Libyan factions' peace talks key to solving migrants crisis
If only the walls of the council chamber at the UN's Palais des Nations in Geneva could talk.
Formerly home to the League of Nations, the imposing, high-ceilinged room has played host to many tense peace negotiations over the decades. This week it was Libya's turn. Representatives from the country's rival political factions sat beneath Spanish artist José Maria Sert's sepia-coloured murals depicting the progress of humankind as they negotiated face-to-face for only the second time in an almost year-long dialogue.
That process, aimed at ending the political power struggle at the heart of a civil war that has raged since summer last year, has been grindingly slow and at times has shown signs of petering out completely. But diplomats insist these efforts to agree a national unity government are the only way to bring Libya back from the chaos into which it has descended.
Four years after the ousting of Muammar Gaddafi, the country finds itself torn between two governments, two parliaments and two army chiefs. In the eastern town of Baida sits the internationally recognised government of prime minister Abdullah al-Thinni, appointed by a parliament elected in a June 2014 ballot and which is based further east in the town of Tobruk.

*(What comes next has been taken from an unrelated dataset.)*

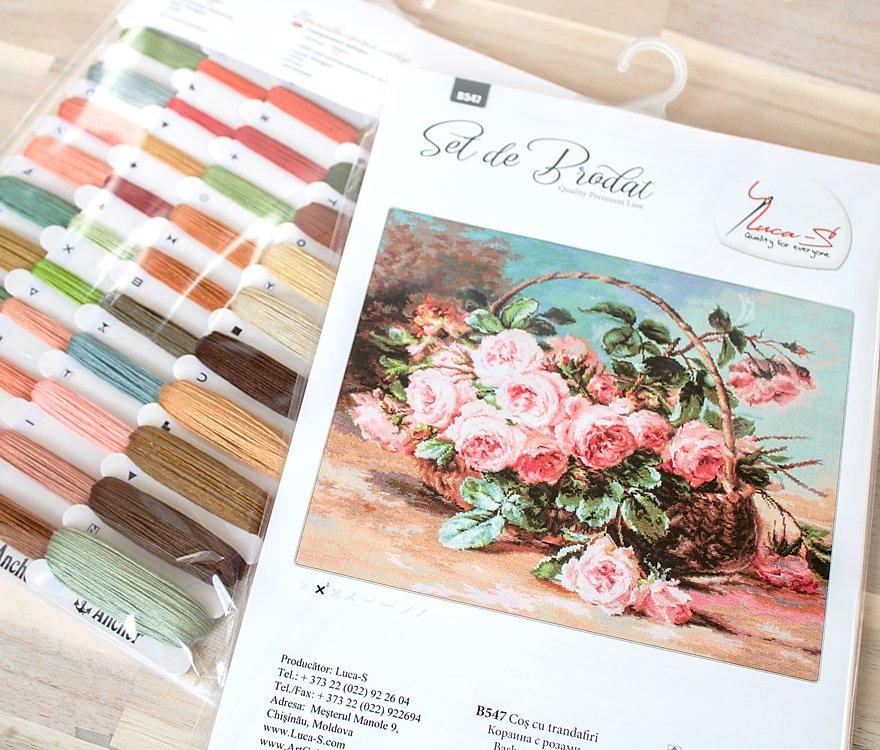 Cross Stitch Kit Luca - S - Basket of pink roses, B547 - Luca - S Yarns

Both Thinni's government and that parliament support the anti-Islamist offensive launched in May 2014 by controversial general Khalifa Haftar and backed by Egypt and the United Arab Emirates. In Tripoli, a self-declared "national salvation" government holds sway backed by a militia alliance known as Libya Dawn, which drove rival Haftar-aligned militias from the capital last summer.

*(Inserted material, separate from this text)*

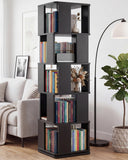 5-Tier Rotating Bookshelf Tower, 360° Spinning Modern Book Storage Bookcase, Stable Display Corner Book Shelf for Kids Room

In post-Gaddafi Libya, political and military alliances are more often than not very loosely constructed marriages of convenience.
The two broad camps of political and armed factions that formed last summer have now fractured considerably, making it even more difficult to find a solution to the crisis. There is also the question of who is truly representative in a country where the constellation of militias that emerged during and after the 2011 uprising wield more power than government officials or elected representatives. Libyans sceptical of the UN-facilitated dialogue process argue that those meeting in Geneva - a mix of MPs from the two rival parliaments, civil society figures and leaders of political parties - have little real influence on the dynamics on the ground. But others say that while a national unity government - if it happens - will only be the first step towards getting Libya's derailed transition back on track, the very fact that Libyan political figures of opposing views are talking to each other is something.
The country's experiment in democracy after more than four decades of Gaddafi's iron-fisted rule has been marked by zero-sum politics and an almost complete lack of consensus. Learning the art of compromise is taking time.
Britain's special envoy to Libya, Jonathan Powell, often draws on his experience as Tony Blair's chief negotiator in the Northern Ireland peace process when assessing the latest twists and turns of the Libyan crisis.
The two main factors that made the Good Friday Agreement possible - a recognition that there was no military solution to the conflict plus the existence of leaders that could deliver their respective communities - are currently absent in the Libyan context.
Too many key players in Libya still delude themselves that they can prevail militarily. There is a dearth of real leaders. Power is diffuse in post-Gaddafi Libya and the influence of even prominent figures can ebb and flow dramatically depending on developments on the ground.
The price of not resolving the political crisis is high. With the country split between rival political and armed factions propping up two governments vying for power, oil-rich Libya's economy is increasingly under pressure. Low oil production, combined with plummeting global energy prices, has forced the central bank to eat into its reserves. Bank officials and foreign diplomats warn reserves could be depleted within a year or so.
Tackling that fiscal gap presents a major challenge, as oil exports are not expected to recover significantly any time soon. Most of Libya's budget is allocated to public sector salaries (a quarter of Libyans - most adults - receive a state salary) and generous subsidies on fuel and food.
Cutting either risks further stoking public discontent, and could even trigger social unrest. A further complication is the fact fighters on both sides of the current conflict are on the state pay roll.
Furthermore, a range of actors, from Isil militants to human smugglers and separatists bent on establishing their own state in eastern Libya, see opportunity in the current chaos. Without a unity government, UN envoy Bernardino Leon has argued repeatedly, Libya will remain paralysed and unable to deal with the threat posed by Isil or the challenge of masses of refugees and migrants slipping through its porous borders on their way to Europe. Leon says he wants to see an agreement for a unity government by the end of this month but many are sceptical.